Seaside® Florida- Apparently, a pro segregationist group will be shutting down an entire portion of Scenic Hwy 30A this Sunday to hold some sort of 5k rally. We believe that 5k (or kkkkk) is much worse than the regular kkk because they have two more “k’s” in their name. The chapter has been granted a demonstration permit and as a result, no cars, bikes, golf carts or other races will be permitted on the Western portion of 30A between Seaside® and somewhere else west of Seaside®.
Over drinks at Redd’s Fueling Station, Dune Allen City Attorney Herman Martin-Hubberdale said the permit was issued to a group whose name we have forgotten. Evidently, a few pints of that Grayton Beer named after that other, more serious South Walton website 30A.com will make your memory fuzzy. Plus, it was loud because it was open mic night. In retrospect, we may have totally misunderstood this entire story, but we’ll keep going anyway.
Based on what we could discern from a DOT sign placed at the Ed Walline Beach access, the planned rally will only allow one race (singular) to utilize the closed section of the Highway. The rally is to be held on March 2nd between the hours of 6 something and 10:30 AMish.

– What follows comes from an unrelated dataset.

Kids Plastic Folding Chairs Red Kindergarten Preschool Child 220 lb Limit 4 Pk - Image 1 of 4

Seems like we also heard something about this particular race of people…whichever one they are…really liking Vera Bradley hand bags.

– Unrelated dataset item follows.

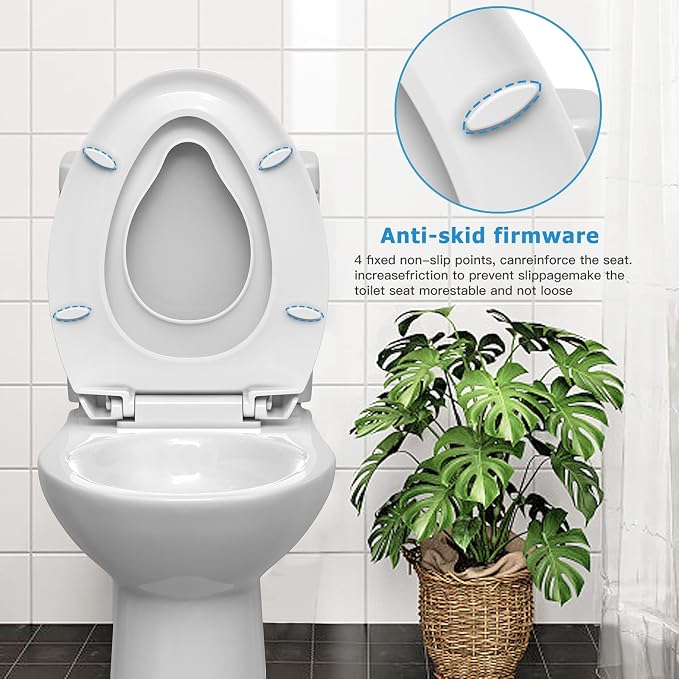 Garvee Elongated Toilet Seat with Toddler Seat, PP Safe Material, 2 in 1 Toilet Seat for Family Built-in Baby Seat Removable, 19 in,Soft Close + Easy Clean(White)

“I think it’s wrong,” said one lady who had just finished singing a Smokey Robinson song during her open mic segment. “How can they get away with something like that in this day and time. Hey, can you see about getting me one of those Vera Bradley bags?”
The brazenness of this event has spawned similar events to be scheduled by other groups. The local Irish contingent will be holding their very own Parade and pride festival on March 15th, and we wouldn’t be surprised if the Ukrainian residents didn’t follow suit.